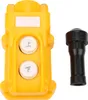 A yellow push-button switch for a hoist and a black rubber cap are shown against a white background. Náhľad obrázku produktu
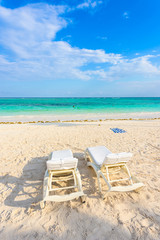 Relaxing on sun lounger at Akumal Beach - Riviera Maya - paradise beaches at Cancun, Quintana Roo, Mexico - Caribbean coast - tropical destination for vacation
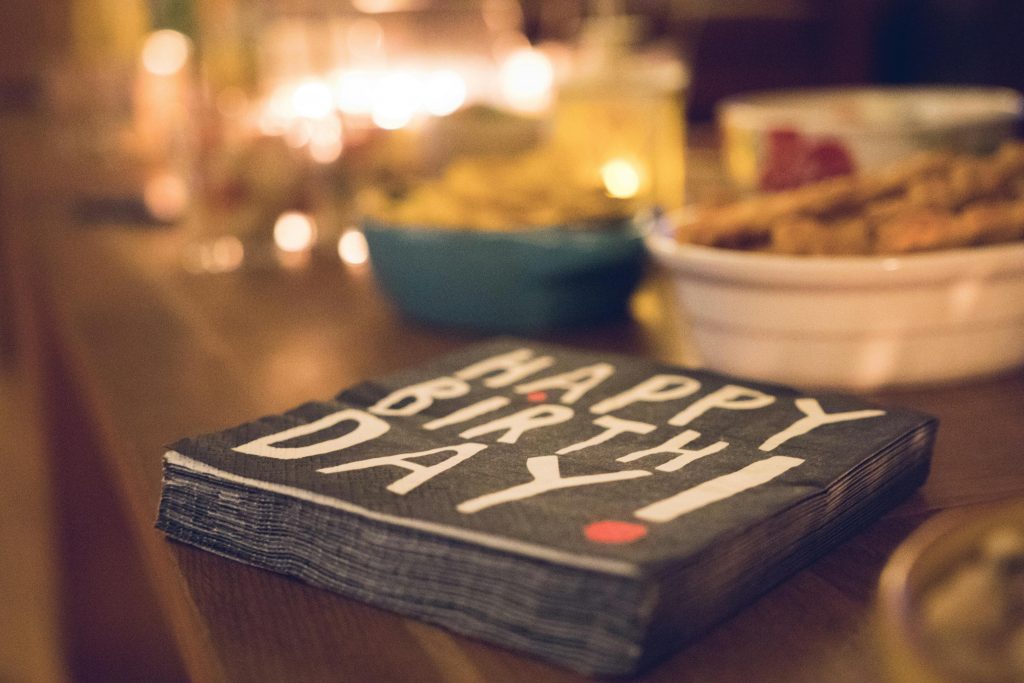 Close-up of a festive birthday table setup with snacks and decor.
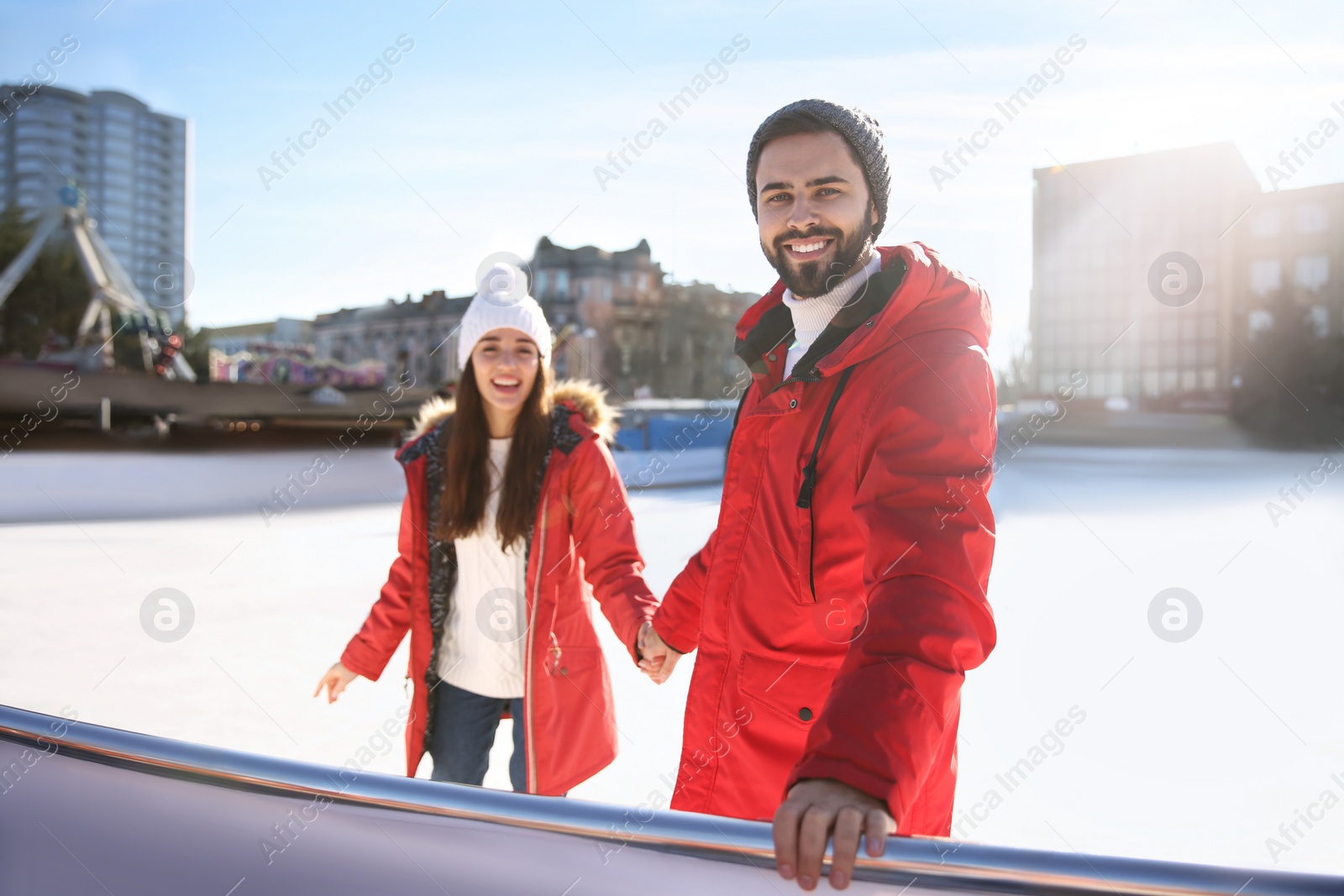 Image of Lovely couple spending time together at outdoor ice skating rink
*-*-*
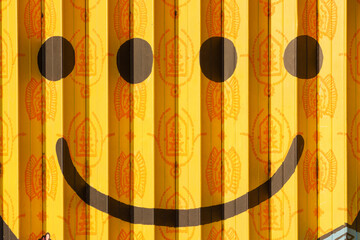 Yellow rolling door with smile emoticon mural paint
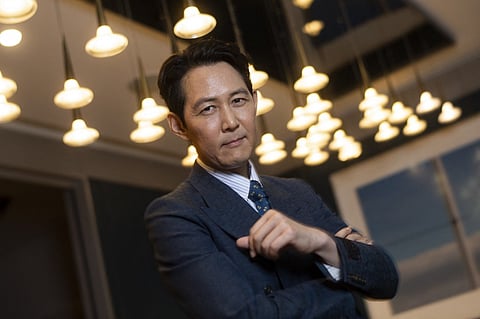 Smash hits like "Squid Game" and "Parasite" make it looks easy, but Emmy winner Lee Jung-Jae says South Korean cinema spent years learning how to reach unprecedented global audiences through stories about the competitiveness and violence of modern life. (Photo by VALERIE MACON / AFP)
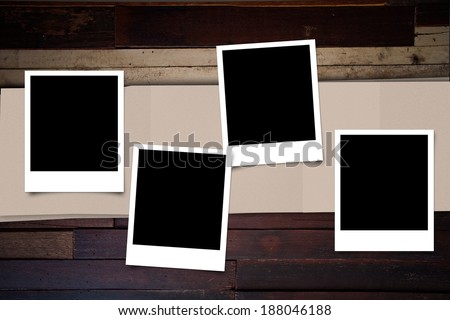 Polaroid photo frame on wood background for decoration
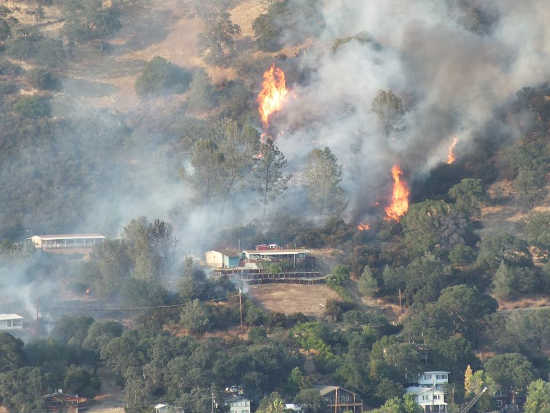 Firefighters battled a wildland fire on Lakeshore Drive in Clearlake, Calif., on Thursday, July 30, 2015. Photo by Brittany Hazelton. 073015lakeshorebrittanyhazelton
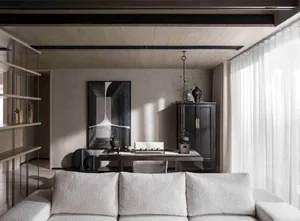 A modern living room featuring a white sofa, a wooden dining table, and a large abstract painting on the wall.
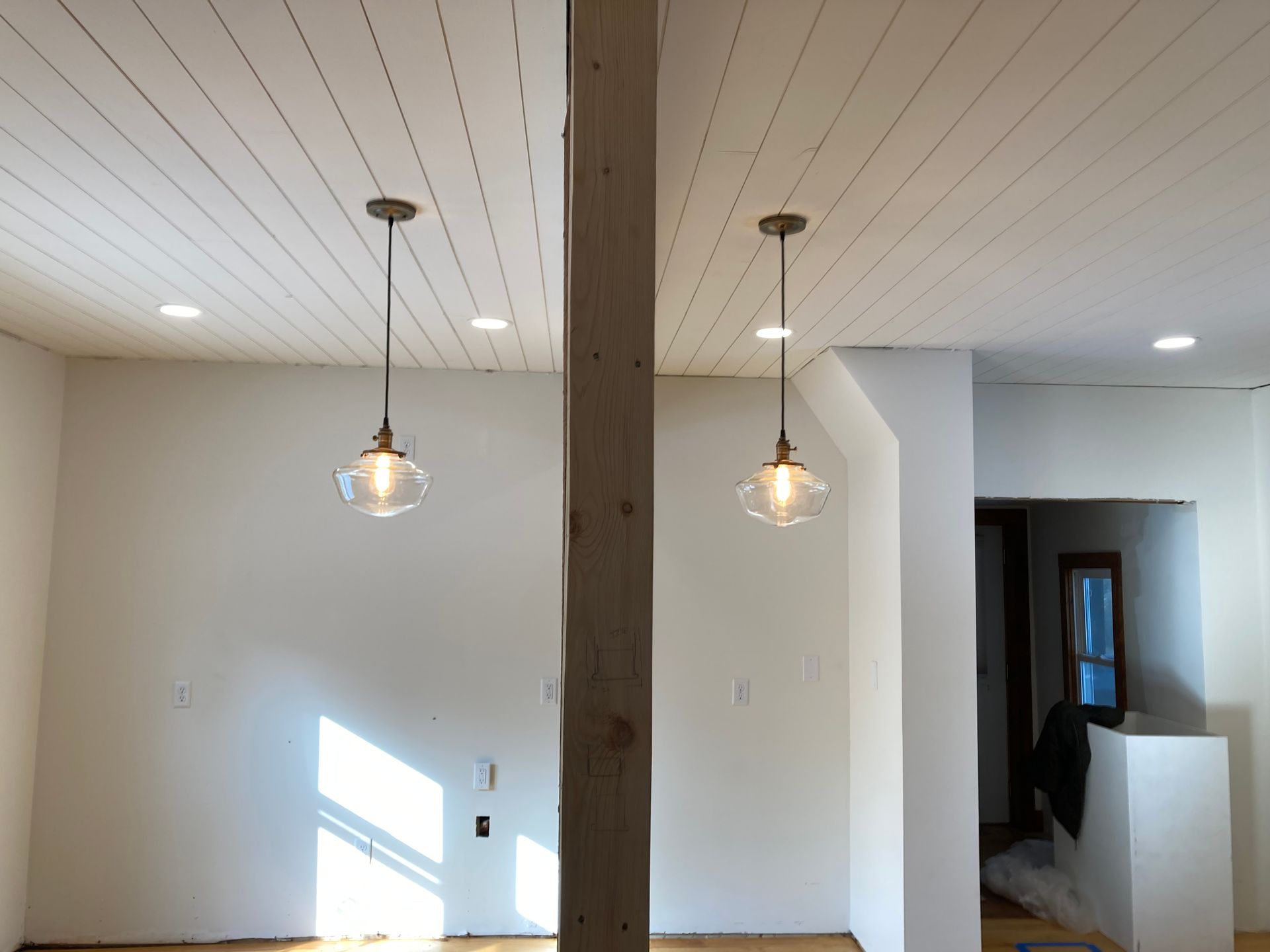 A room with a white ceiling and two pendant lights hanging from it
*-*-*
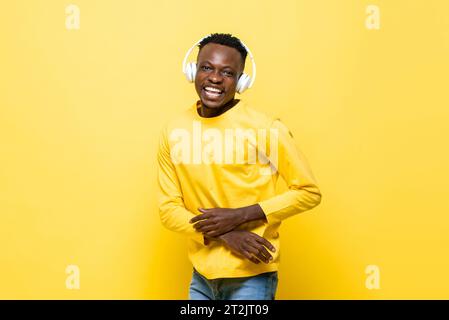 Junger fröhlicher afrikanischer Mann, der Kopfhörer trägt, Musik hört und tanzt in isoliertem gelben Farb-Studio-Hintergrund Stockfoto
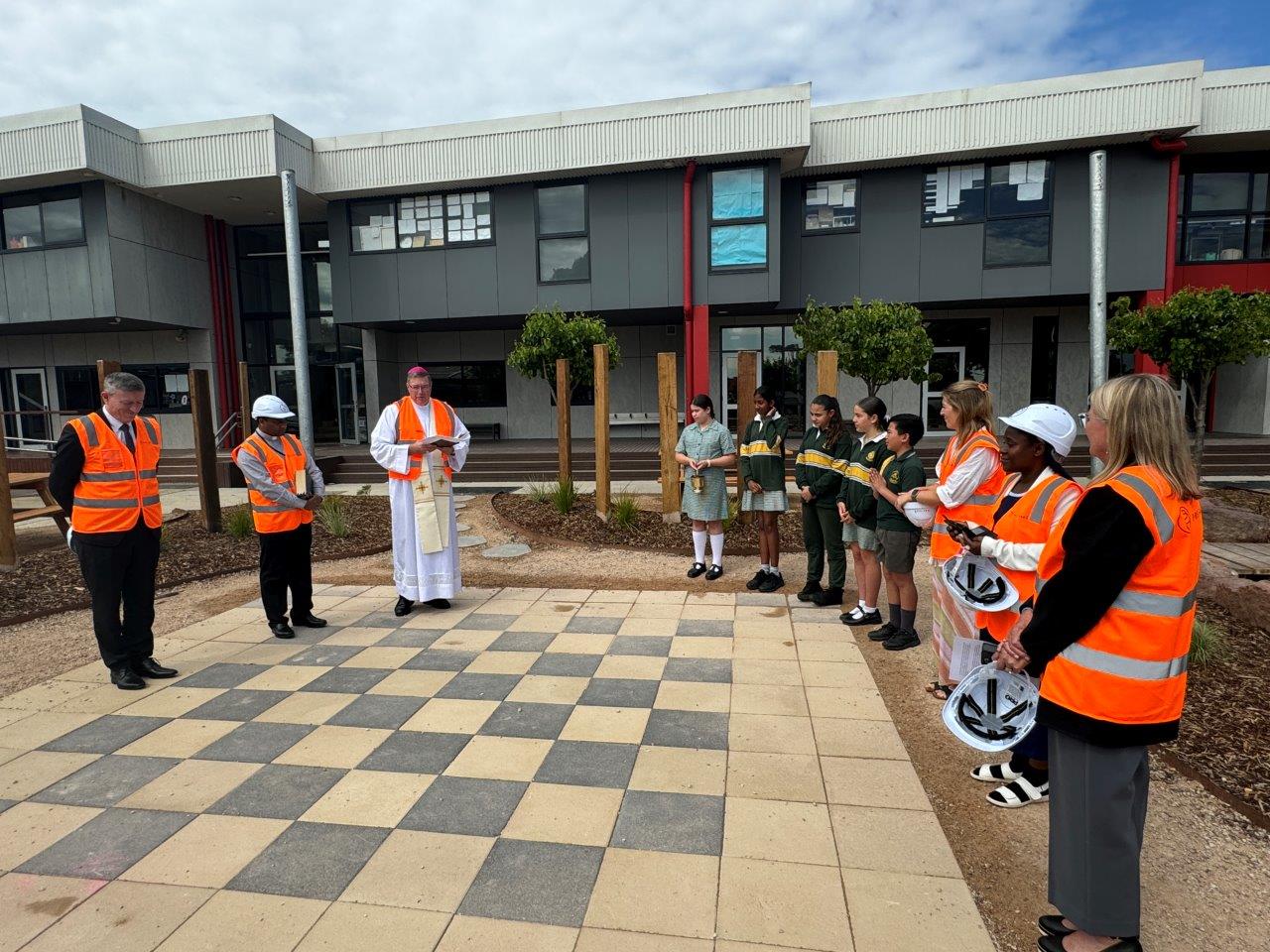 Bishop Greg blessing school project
*-*-*
→ **Task goal**:
After locating the line containing "A yellow push-button" in the entries above, return it and every line after it exactly, ending at the line containing "Relaxing on sun", without pictures.

→ **Task solution**:
 A yellow push-button switch for a hoist and a black rubber cap are shown against a white background. Náhľad obrázku produktu
 Relaxing on sun lounger at Akumal Beach - Riviera Maya - paradise beaches at Cancun, Quintana Roo, Mexico - Caribbean coast - tropical destination for vacation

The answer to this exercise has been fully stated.